A computação gráfica é outro aspecto interessante em “King”, assumindo muitas vezes a direção do filme, pois, nas grandes cenas de luta ou combate, cenas importantes e esperadas com expectativas pelos fãs desse gênero, já que são elas características marcantes de filmes épicos e da ação, pois bem, elas são entregues a computação gráfica, que em grande parte é realizada de forma magistral, mas que questiona os limites e a capacidade de Guy como diretor, até na característica mais marcante de Guy, do virtuosismo técnico, são assumidos agora pelo recurso gráfico e explorados em demasia de tempo e de recurso narrativo que só geram confusão, cansaço e novamente a superficialidade marcantemente empregada ao filme, resultado até nas atuações regidas por construções estereotipadas.

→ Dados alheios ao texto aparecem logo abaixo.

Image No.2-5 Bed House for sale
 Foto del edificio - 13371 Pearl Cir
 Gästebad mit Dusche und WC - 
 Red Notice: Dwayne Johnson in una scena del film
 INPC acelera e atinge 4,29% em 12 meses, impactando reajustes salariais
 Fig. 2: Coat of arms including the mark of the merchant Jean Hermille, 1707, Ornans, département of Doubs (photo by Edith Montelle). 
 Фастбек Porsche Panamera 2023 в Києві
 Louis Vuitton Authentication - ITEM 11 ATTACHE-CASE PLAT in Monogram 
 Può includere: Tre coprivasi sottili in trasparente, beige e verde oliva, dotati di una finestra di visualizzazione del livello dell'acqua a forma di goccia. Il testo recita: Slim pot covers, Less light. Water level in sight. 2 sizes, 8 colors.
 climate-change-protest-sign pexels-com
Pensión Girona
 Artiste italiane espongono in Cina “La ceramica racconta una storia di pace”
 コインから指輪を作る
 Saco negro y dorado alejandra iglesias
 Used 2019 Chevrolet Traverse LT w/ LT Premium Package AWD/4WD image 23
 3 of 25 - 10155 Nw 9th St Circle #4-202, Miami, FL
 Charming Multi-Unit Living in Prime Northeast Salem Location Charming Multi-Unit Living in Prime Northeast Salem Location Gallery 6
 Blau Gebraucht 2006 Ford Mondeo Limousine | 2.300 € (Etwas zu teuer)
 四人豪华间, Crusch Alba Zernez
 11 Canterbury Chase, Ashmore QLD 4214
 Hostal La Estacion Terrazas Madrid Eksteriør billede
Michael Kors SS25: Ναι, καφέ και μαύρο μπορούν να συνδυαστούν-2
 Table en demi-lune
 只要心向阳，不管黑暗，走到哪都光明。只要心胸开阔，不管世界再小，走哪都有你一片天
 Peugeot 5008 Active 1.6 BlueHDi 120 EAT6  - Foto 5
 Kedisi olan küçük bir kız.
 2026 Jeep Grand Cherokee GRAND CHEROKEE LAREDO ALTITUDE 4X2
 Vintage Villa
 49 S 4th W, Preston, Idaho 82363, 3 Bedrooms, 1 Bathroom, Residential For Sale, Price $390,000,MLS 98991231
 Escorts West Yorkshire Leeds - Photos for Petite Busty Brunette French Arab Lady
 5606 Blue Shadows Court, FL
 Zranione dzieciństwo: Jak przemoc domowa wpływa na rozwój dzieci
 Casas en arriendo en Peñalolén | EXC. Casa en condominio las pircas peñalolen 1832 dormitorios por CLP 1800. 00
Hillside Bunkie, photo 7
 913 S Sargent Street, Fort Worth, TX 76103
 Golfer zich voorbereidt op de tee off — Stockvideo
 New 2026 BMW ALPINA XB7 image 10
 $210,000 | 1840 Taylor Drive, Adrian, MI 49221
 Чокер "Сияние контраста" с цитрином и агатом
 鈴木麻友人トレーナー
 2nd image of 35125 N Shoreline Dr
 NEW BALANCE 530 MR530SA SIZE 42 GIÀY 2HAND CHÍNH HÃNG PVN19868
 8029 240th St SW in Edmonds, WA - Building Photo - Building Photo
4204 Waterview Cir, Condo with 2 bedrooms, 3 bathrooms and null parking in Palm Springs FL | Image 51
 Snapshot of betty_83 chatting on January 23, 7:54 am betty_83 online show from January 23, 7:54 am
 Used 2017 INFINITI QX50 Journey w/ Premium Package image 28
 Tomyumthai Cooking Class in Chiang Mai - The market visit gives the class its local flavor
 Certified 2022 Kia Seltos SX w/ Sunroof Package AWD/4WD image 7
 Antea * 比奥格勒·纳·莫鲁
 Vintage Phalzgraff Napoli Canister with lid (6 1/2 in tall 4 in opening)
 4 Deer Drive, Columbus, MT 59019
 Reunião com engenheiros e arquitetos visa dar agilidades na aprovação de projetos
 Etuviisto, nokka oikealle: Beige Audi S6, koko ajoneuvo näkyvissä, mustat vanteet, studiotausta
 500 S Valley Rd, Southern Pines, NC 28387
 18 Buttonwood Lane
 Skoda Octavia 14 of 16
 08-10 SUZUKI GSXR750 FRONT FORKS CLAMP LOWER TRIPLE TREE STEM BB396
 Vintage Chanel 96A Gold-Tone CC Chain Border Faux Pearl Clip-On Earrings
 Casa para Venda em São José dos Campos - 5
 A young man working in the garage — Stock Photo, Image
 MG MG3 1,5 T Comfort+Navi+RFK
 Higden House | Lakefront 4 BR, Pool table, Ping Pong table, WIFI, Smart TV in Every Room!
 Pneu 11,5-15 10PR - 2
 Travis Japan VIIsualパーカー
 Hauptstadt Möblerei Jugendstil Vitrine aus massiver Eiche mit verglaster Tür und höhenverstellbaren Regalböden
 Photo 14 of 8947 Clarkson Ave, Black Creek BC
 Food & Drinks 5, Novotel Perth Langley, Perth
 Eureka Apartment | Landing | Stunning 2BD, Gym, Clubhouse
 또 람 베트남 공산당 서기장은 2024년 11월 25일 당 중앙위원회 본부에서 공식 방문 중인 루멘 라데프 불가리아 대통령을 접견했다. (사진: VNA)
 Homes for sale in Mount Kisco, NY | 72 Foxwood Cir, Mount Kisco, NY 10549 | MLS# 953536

Jude Law como Vortigern, beira ao infantil de um vilão que não consegue ser justificado, sua ambição, suas motivações e vilanias são mais fracas, comparadas a um vilão de desenho, pois, tudo que Vortigern faz é sobre uma ação pontuada apenas pelo fazer, algo que tão pouco Charlie Hunnam consegue com o seu Rei Arthur, o carisma do ator é notório e seu esforço é visível, porém, inútil diante a superficialidade de um personagem e de uma estória que acaba por ser mais fantasia.
“King Arthur: Legend of the Sword” ao tentar ser moderno se perde em sua própria virtude fragmentada, gerando um filme fantasioso e sem traços de querer ser história, mesmo tendo como base uma (por sinal riquíssima), e acaba gerando um produto sem foco, mas que atira para todos os lados e colocando em dúvida o explícito desejo de seu fim, estimular o público a acompanhar as próximas histórias que virão dessa franquia, já que a incapacidade de se ater a ideia original, de contar a lenda da espada do Rei Arthur, que acaba sendo logo retratada, dando espaço para um roteiro que enrola diante uma missão encerrada que não precisa e nem quer contar mais nada.